┌──

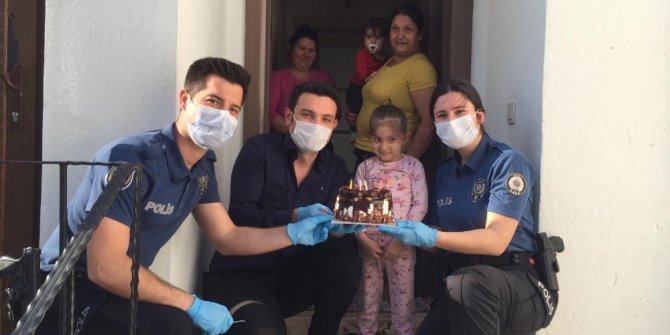 Polis ekiplerinden 5 yaşındaki minik Aysima’ya sürpriz doğum günü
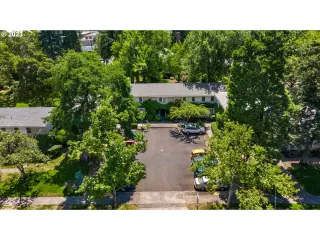 Photo #1: 23596342 Listing 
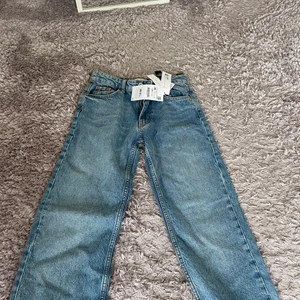 Zara jeans - Säljer dessa assnygga Zara jeans i modellen mid waist straight, gamla modellen som är slutsåld! Superfina och helt oanvända, säljer då de var försmå💓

└──

### Instructions to follow
Leaving the images out, retype all the material above exactly.

### Result for this exercise
 Polis ekiplerinden 5 yaşındaki minik Aysima’ya sürpriz doğum günü
 Photo #1: 23596342 Listing 
 Zara jeans - Säljer dessa assnygga Zara jeans i modellen mid waist straight, gamla modellen som är slutsåld! Superfina och helt oanvända, säljer då de var försmå💓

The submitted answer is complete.